Designing for Risk: Shifting Left

Shifting Left in principle: Moving risk forward in the software development timeline and designing systems and processes that are built for continuous testing
What does shifting left involve in practice?
- Automated testing over manual testing
- Continuous Integration
- Test-Driven Development

Shifting Left: An Example

Let's take an example - a python script which runs on a remote server
There is an error in the code, and the code fails when attempting to run a usability test

$ python3 -m svc.create_repo test
Traceback (most recent call last):
  File "/Library/Frameworks/Python.framework/Versions/3.8/lib/python3.8/runpy.py", line 194, in _run_module_as_main
    return _run_code(code, main_globals, None,
  File "/Library/Frameworks/Python.framework/Versions/3.8/lib/python3.8/runpy.py", line 87, in _run_code
    exec(code, run_globals)
  File "/Users/nicholaspatrikeos/Desktop/COMP2511-22T3/administration/svc/create_repo.py", line 11, in <module>
    PROJECT = gl.projects.get(f'{NAMESPACE}/{TERM}/STAFF/repos/{REPO}')
NameError: name 'REPO' is not defined

How could we shift left here?

Shifting Left: Dynamic Verification + CI

We can dynamically verify the correctness of the code and automatically run the tests in a pipeline:

$ pytest
============================= test session starts ==============================
platform darwin -- Python 3.8.8, pytest-6.2.2, py-1.10.0, pluggy-0.13.1
rootdir: /Users/nicholaspatrikeos/Desktop/COMP2511-22T3/administration
plugins: hypothesis-6.1.1, xdist-2.2.1, timeout-1.4.2, forked-1.3.0
collected 1 item                                                               

create_repo_test.py F                                                    [100%]

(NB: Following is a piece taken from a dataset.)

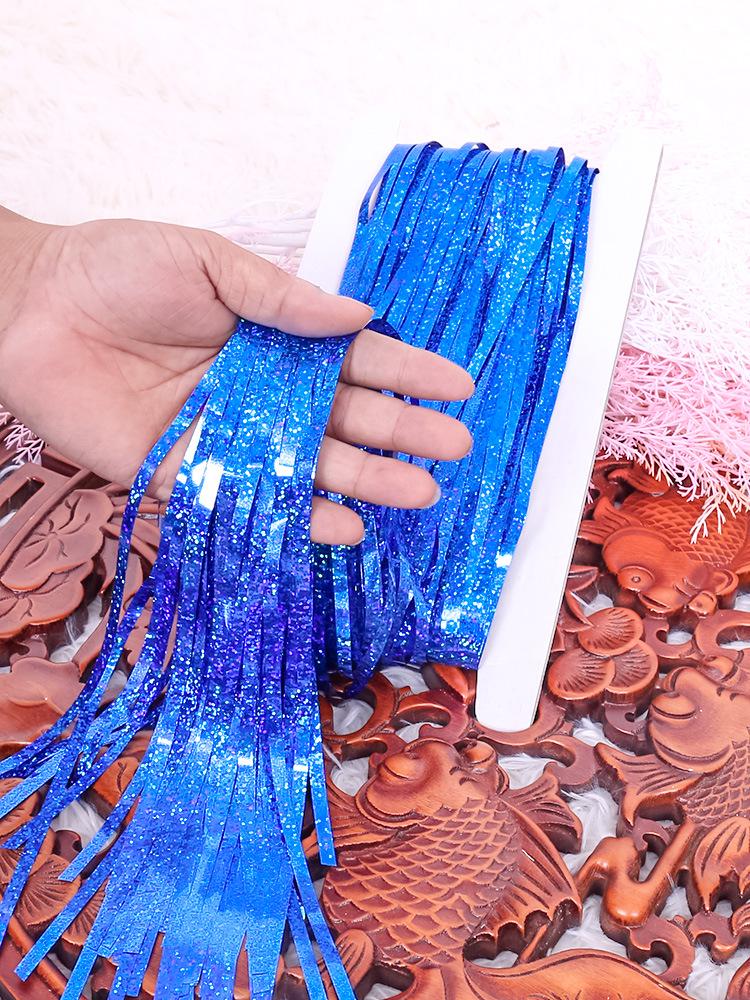 2.6m Silk Laser Rain Curtain for Stage & Party Decor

Problem here - we are still having to run our tests in order to pick up a simple name error, this takes a long time to catch a small problem

Shifting Left: Static Verification + CI

We can statically verify the correctness of our code, which is faster than running all the tests using a linter or a type checker:

$ pylint svc/*.py
************* Module svc.create_repo
svc/create_repo.py:11:64: E0602: Undefined variable 'REPO' (undefined-variable)
svc/create_repo.py:19:31: E0602: Undefined variable 'REPO' (undefined-variable)
svc/create_repo.py:27:24: E0602: Undefined variable 'REPO' (undefined-variable)

-------------------------------------------------------------------
Your code has been rated at 9.61/10 (previous run: 10.00/10, -0.39)

Problem here - we are still having to push to the CI for our breaking changes to be contained. Can we enforce running them before?

Shifting Left: Local Configurations

Pre-commit hooks and IDE tools can give us more friendly experiences that detect these problems earlier in the development loop, e.g.

Ideally, static verification is "baked in" to our programming language rather than added on...

Shifting Left: Type Safety

Types are statically verifiable - meaning that we can ensure correctness earlier on in the development process, shifting left
In Java, code that doesn't adhere to the rules of the type system fails to compile - a significant containment barrier
Extensions like mypy and TypeScript allow for an add-on of type checking
Unlike Java however, type safety wasn't part of the Big Design Up Front for Python and JS
Modern software design is favouring statically typed languages for these reasons

def my_function(message):
    if message == 'hello':
        return 1

    return '0'

result = my_function('goodbye')

Shifting Left: Type Safety

Features of type systems:
- Ability to define custom types (typedefs)
- Inheritance, Subtypes and Supertypes
- Interfaces
- Generics
- Unit types
- Enums
Well-designed type systems allow us to verify more of our code statically

Shifting Left: More Static Verification &

Design by Contract

Some programming languages (e.g. Dafny) allow for more static verification than just type checking - they can prove or disprove code according to a declarative contract where preconditions, postconditions and invariants are specified
Dafny makes use of a theorem prover which checks how well the implementation matches the specification (contractual correctness)

Summary

Risk forms a large part of modern-day Software Engineering
Designing for risk:
- Considering risks in the design process;
- Designing processes to accomodate for risk.
Murphy's law: Anything that can go wrong, will.